#### [To do]
Where does the word "Toyota" occur in the data below? Copy each line that holds it.

#### [Data records]
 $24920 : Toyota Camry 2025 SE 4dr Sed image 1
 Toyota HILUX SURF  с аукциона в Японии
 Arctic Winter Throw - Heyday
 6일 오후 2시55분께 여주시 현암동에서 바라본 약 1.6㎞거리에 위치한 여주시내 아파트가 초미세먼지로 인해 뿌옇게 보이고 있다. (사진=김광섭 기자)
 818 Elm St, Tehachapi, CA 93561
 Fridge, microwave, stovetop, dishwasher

--

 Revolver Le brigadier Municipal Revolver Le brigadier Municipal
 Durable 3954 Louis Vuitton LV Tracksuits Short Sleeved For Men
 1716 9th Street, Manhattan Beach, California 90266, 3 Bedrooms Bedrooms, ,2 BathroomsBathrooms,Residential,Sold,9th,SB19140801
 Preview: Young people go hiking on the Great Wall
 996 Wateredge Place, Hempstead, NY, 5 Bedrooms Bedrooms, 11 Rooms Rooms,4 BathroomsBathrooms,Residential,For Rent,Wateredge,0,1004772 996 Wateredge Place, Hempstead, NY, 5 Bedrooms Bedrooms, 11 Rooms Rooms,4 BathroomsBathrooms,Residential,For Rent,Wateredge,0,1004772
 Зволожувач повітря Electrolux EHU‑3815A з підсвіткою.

#### [Task answer]
 $24920 : Toyota Camry 2025 SE 4dr Sed image 1
 Toyota HILUX SURF  с аукциона в Японии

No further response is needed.